My question is, where can i fine tune the output? i want to output only the NER tags with the correspondent word like:
- JN -> Organizacao . . . António Campos -> Pessoa
Other questions is, can i relate Antonio to JN with the space between the two words? I mean if the words are closer, that exist the probability that they are related?

I'm sorry for all that questions, i'm really enjoying work with Freeling, and i appreciate all your help!
Thank you!

If you want only entities, the easiest way is filtering freeling output (e.g. with grep, or with a simple python script) to extract only what you want.
Alternatively, you can modify the code in the analyzer program that outputs the sentence (though I'd say it's not worth the trouble).

Regarding the relation between two entities given their distance, I am not sure that it makes much sense, but you can use it as a baseline.

So, given the freeling output, make just a simple program or script that run into that output and extract only what i want. Great, i'm going to do that.
I'll keep in touch. Thank you once again.

Hello Freeling users , i've done the next python program to extract the line that i want with the tags that i'm looking for:

with open("outputFrl-NER.txt") as f:
for line in f:
if "Organizacao" in line:
print line
if "Localizacao_Geografica" in line:
print line
if "Pessoa" in line:
print line

I have another question, can i recognize money or time, or even days like "Sexta-feira"?
Thank you! hope that helps someone!

Yes, freeling can recognize time expressions (dates, time of day, combinations of them) and quantified magnitudes (money, but also speed, weight, distances, density, etc).

It may be faster to simply try it (or read the manual) before asking....

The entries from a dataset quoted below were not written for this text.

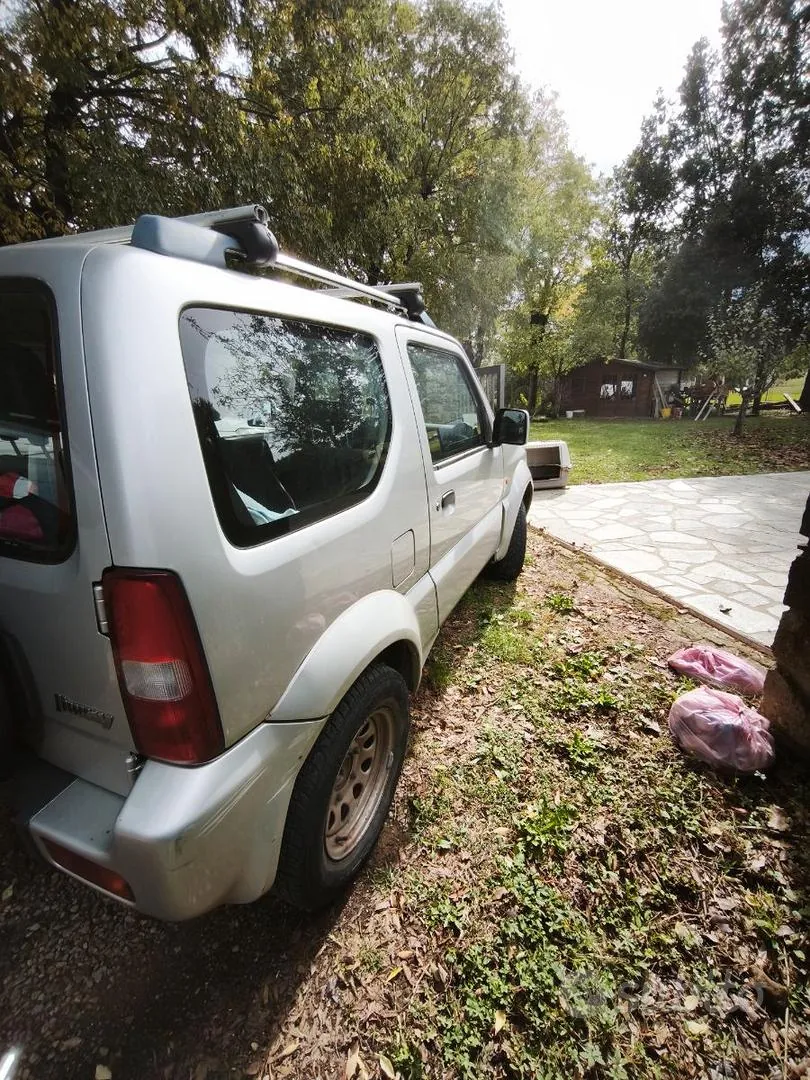 Suzuki Jimny 2006 photo 4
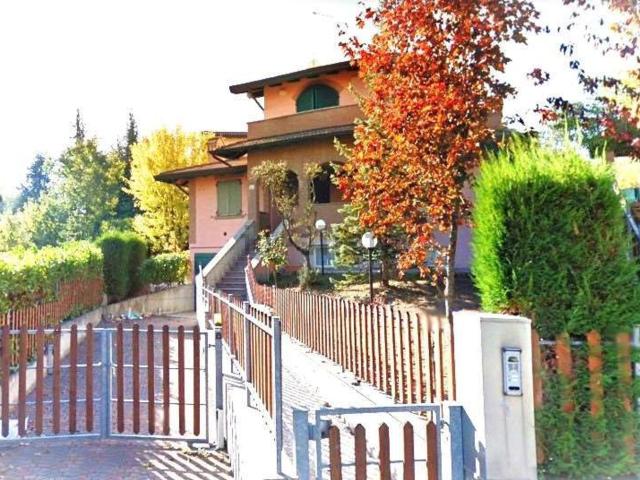 Casa in vendita a Unione dei comuni del Frignano, Serramazzoni
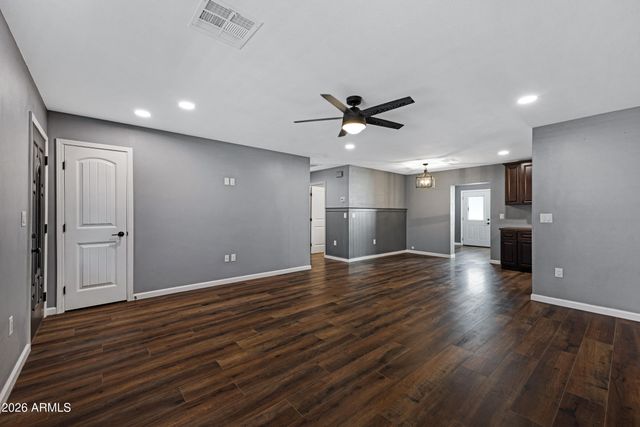 10013 W MISSION Lane, Sun City, AZ 85351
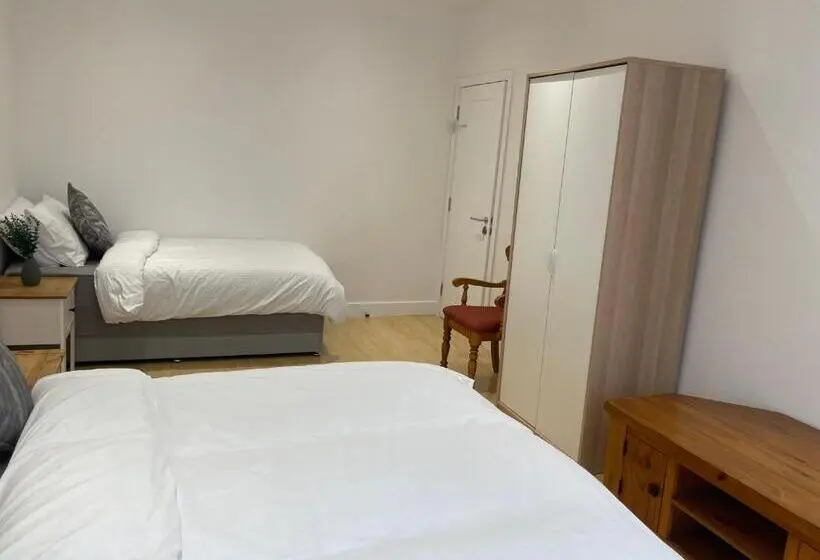 Standard Kolmen Hengen Huone, Lonsdale Place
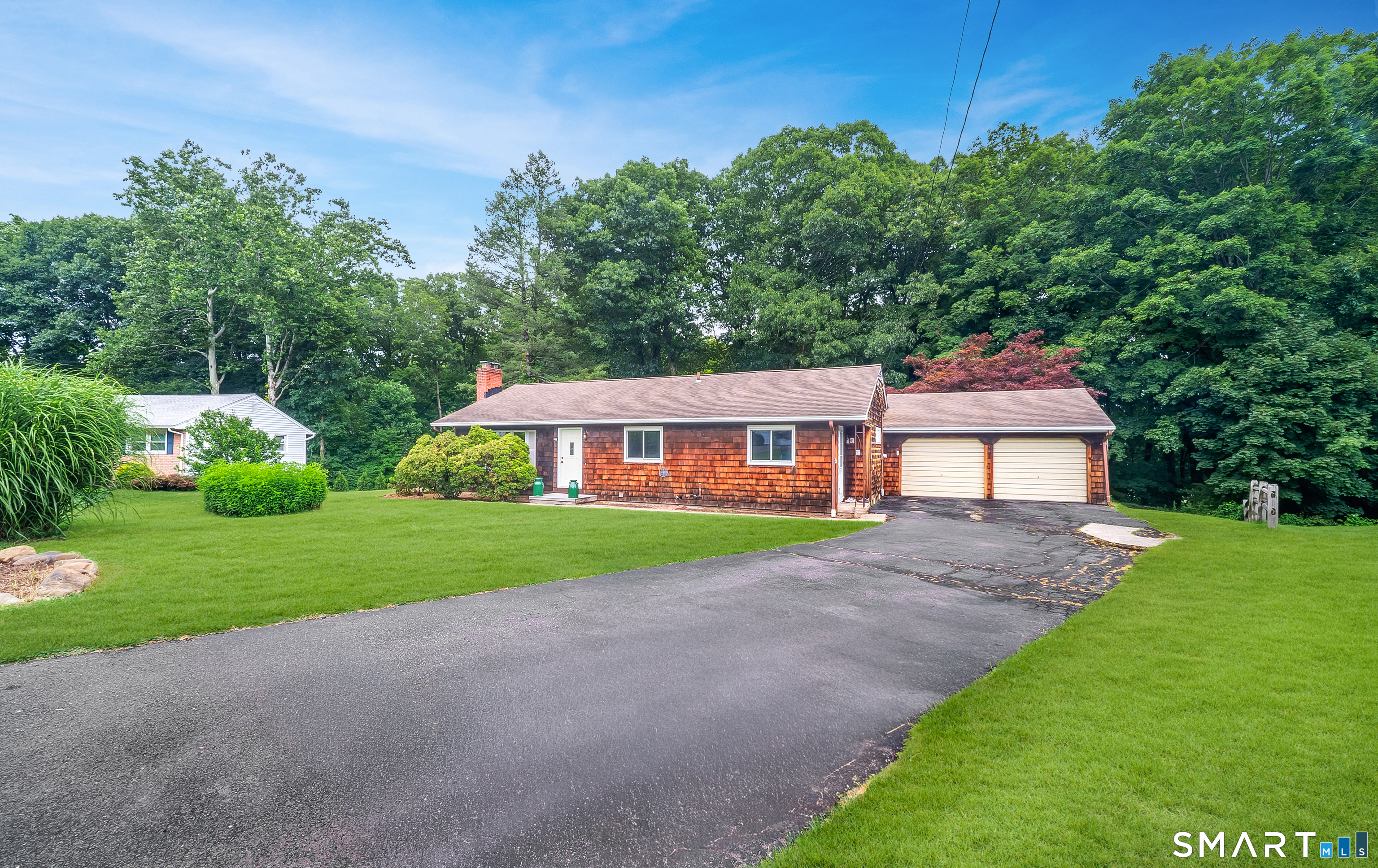 25 Lynn Drive Wallingford CT 06492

I've read the manual, and check that it can recognize dates, times of day etc.. but i was a little confused when i saw the output

...
terça-feira [M:??/??/??:??.??:??] W 1
até até SP 0.764262
Sábado [S:??/??/??:??.??:??] W 1
ou ou CC 1
Domingo [G:??/??/??:??.??:??] W 1
...
oferecer oferecer VMN0000 0.529581
25.000_€ $_ECU:25000 Zm 1
...
100_euros $_ECU:100 Zm 1
..
24:26 24:26 Z 1
...
EDP edp Organizacao 1
...
Lisboa lisboa Localizacao_Geografica 1
...
Srº_João_Luís srº_joão_luís Pessoa 1
...
Bombeiros_de_Lisboa bombeiros_de_lisboa Localizacao_Geografica 1
. . Fp 1

Now i got it, ill check if the line has "W" day of week or "$_ECU" for money or "Z" for time

Thank you for your help!

$_ECU means "money in euros". If the unit is dollars, you'll get $_USD. If it is pounds, you'll get $_GBP, etc
It is safer to check for "Zm" in the third column

For date/time expressions, "W" is the tag to look for. Not only weekdays, but e.g. "Thursday may 3rd, 2014" is also a date expression that will be marked as "W"

"Z" alone means number. That means it could not establish whether 24:26 was a time, a ratio, or a basketball score because of lack of context. (btw, 24:26 is not a valid time of day. It is either 12:26 or 00:26).
Try with, for instance "a las 12 e 26 minutos" or "Sabado 24 de febreiro a las 23:12".